This is a mini-project that I always wanted to spend a bit of time to do. On one of Vsauce's amazing videos, I came across a concept called Zipf's Law which is a natural language phenomenon seen in many languages.
It goes a little bit like this. Zipf's Law claims that in a sufficiently long string of meaningful words (not random sequence of words), distribution of a particular word is ivnersely related to its ranking.
For instance, if we consider "The", English's most common word, to have a distribution of 1, then the second most frequent word, "Be", will have a distribution of 1/2 or 0.5. There seems to be no definitive explanation for why this is the case, but Zipf's Law has applications outside of our languages. Empirical studies have found that Zipf's Law can accurately predict the distribution of population among the largest cities in America.
I made this project to simply test this phenomenon using texts of different length from different time periods and I was thoroughly blown away by how apparent Zipf's Law is in some of my trials.
Take this analysis of "The Adventures of Sherlock Holmes" by Arthur Conan Doyle. "The" happened to be the most frequent word which is expected.
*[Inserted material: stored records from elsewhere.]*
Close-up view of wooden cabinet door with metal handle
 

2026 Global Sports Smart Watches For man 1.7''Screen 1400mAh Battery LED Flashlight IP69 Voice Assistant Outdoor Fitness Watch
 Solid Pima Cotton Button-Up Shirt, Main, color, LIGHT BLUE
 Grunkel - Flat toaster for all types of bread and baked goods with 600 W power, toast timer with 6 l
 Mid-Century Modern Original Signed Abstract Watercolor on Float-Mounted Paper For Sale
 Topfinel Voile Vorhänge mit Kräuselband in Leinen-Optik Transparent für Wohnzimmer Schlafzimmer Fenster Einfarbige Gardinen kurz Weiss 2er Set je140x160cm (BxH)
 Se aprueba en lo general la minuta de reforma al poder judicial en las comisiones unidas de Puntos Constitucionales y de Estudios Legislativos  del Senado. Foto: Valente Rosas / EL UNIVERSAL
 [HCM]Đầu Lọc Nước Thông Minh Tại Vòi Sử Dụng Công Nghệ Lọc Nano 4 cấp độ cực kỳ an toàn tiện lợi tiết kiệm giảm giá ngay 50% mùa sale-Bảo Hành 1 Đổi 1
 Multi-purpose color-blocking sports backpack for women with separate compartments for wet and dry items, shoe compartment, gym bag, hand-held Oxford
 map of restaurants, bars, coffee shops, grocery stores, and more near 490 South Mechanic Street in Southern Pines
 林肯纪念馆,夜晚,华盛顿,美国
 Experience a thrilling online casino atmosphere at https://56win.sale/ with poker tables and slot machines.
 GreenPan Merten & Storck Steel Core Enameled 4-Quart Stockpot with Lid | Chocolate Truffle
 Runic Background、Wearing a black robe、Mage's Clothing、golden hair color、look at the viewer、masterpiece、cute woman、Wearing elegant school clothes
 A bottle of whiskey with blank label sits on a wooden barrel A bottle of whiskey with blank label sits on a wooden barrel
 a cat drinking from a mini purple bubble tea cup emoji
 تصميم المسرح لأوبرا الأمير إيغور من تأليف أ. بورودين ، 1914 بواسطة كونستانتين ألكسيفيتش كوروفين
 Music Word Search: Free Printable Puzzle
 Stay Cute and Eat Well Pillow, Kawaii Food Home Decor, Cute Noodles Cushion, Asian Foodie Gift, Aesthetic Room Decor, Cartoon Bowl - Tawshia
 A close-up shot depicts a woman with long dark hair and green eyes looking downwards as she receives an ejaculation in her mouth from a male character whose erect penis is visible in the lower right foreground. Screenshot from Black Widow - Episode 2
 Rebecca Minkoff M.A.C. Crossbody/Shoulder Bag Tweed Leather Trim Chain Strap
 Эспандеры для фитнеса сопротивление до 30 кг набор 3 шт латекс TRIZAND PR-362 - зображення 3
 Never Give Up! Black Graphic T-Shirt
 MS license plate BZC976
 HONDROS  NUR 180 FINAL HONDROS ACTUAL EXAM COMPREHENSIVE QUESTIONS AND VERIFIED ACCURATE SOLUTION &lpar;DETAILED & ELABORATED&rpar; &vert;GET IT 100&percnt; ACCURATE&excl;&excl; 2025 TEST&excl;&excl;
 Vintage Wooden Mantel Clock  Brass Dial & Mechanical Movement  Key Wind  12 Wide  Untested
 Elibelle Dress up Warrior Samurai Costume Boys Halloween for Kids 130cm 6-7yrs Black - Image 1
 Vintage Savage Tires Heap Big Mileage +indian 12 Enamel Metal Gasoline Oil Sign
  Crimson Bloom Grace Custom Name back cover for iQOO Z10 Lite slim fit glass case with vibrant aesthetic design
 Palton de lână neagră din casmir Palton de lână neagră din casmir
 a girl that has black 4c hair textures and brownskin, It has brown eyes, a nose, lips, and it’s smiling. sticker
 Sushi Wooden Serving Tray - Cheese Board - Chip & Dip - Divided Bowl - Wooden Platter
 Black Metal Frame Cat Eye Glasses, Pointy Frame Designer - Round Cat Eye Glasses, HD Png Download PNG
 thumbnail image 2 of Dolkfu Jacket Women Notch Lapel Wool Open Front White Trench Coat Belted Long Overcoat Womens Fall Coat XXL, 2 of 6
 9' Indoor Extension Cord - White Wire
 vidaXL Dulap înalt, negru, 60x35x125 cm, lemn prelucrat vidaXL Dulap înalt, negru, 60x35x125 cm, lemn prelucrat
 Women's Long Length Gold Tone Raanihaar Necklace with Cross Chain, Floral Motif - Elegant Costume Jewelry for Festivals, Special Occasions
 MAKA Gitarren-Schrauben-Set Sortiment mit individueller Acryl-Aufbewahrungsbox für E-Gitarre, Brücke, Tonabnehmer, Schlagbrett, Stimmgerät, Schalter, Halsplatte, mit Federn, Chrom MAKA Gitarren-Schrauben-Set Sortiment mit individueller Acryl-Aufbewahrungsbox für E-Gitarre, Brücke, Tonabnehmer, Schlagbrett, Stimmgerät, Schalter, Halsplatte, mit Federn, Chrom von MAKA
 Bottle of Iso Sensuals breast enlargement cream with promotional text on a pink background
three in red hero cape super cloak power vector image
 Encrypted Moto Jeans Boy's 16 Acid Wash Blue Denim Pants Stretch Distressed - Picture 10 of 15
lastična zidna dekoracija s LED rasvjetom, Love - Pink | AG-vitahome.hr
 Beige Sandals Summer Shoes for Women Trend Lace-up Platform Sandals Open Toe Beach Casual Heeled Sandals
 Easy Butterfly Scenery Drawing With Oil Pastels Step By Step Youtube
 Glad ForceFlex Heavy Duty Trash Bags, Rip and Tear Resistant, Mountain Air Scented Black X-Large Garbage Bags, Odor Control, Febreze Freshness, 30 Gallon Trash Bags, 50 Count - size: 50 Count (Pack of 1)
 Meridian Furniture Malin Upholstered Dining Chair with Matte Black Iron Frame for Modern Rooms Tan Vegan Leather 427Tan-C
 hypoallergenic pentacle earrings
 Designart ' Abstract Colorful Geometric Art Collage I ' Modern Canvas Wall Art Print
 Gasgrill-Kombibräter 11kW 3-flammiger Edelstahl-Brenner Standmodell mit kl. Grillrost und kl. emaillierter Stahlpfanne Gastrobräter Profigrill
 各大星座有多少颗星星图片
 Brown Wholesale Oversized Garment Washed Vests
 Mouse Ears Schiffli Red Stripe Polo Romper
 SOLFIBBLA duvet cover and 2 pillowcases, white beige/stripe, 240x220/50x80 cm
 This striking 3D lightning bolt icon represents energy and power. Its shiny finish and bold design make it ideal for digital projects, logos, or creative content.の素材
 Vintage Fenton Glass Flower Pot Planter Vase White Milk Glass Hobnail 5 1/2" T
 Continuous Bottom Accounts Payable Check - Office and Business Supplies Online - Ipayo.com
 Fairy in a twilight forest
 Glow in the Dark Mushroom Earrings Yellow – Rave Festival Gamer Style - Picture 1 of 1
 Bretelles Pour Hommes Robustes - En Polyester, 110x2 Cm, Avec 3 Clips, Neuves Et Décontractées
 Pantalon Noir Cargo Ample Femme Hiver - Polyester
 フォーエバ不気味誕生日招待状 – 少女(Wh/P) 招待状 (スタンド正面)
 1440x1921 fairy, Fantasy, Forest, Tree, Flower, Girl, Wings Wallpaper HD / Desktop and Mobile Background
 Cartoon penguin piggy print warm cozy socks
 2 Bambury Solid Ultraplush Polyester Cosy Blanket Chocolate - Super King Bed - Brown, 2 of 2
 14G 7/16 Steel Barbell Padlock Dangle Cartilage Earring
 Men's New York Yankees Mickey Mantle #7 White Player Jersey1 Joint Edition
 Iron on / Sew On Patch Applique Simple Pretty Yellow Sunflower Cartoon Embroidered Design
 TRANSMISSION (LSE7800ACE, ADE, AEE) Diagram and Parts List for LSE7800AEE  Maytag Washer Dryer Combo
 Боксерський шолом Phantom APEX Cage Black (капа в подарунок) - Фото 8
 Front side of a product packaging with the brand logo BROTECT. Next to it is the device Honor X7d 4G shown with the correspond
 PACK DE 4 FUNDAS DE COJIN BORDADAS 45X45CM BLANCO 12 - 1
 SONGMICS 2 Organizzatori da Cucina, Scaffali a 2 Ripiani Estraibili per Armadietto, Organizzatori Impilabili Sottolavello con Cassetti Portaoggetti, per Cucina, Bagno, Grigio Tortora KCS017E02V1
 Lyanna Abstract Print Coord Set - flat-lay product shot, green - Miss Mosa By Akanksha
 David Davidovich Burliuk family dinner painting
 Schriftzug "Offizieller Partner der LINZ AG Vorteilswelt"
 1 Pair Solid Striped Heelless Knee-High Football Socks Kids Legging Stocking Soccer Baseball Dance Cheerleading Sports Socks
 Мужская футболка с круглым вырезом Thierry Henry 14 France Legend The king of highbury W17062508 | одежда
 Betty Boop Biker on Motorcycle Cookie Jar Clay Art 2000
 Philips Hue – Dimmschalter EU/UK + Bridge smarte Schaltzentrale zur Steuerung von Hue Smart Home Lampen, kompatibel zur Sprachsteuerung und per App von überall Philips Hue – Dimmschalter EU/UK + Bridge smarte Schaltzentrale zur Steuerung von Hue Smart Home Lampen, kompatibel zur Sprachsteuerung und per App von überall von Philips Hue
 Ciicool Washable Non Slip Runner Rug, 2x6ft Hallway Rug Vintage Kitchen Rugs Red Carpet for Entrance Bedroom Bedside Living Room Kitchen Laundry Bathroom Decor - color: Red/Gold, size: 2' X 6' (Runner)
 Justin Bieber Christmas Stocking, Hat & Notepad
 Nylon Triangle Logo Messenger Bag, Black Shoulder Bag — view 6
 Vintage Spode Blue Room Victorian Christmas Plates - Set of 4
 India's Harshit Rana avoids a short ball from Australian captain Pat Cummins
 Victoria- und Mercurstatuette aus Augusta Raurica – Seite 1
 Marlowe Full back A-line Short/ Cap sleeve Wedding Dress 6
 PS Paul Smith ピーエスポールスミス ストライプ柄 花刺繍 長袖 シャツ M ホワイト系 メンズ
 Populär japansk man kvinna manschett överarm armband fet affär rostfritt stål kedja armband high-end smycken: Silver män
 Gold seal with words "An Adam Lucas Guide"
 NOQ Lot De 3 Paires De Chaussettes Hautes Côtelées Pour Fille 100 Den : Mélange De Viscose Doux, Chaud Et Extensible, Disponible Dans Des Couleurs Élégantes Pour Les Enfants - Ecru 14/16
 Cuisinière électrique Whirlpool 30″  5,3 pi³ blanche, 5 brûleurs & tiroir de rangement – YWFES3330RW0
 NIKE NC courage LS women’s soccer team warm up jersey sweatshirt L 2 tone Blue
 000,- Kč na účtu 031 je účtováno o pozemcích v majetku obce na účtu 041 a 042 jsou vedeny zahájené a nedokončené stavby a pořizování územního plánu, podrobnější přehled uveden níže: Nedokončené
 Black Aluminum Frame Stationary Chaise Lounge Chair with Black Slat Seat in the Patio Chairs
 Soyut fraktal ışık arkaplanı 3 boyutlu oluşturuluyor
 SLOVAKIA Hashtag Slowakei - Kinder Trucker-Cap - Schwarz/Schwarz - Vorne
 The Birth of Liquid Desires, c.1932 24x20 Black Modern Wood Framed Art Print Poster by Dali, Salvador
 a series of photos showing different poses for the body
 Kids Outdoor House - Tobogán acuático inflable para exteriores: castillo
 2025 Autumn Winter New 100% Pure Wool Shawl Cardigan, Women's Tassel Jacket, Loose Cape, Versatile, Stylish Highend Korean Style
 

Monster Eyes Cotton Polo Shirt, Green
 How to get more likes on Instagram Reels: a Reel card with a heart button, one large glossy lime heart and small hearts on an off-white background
We will consider the height of "The" to be 1. Then words "and", "I", "of", "to", and "a" competed for the second spot. Notice here that although there are some variations, height of those 5 words are almost half of that of "The." Then follows the third spots, "in", "that", "it", and "you" which are all about 1/3rd of "The."
SO COOL!!!
Anyways, if you're interested in investigating this yourself, you're welcome to use the code from this repo although since it's such a short project, it might be a good practice if you just code it yourself.
Not much. You'll just need to have matplotlib and numpy installed.
Download your favorite text, and then run the following command!
>>> frequencies = extract_frequencies("./text_files/sherlock-holmes.txt")
>>> dump(frequencies, "frequencies.csv")
>>> build_histogram("frequencies.csv", "frequencies", 10)
extract_frequencies() returns a dictionary that contains word, frequency pairs dump() creates a csv file from the dictionary build_histogram() builds a histogram from the csv file. If you specify the outputfilename (2nd argument) then the function will automatically saves the histogram in png format. Number of histogram entry is set to 10, so it will only show the top ten most frequent word. I don't recommend playing around with that number because the words will start to overlap on the graph.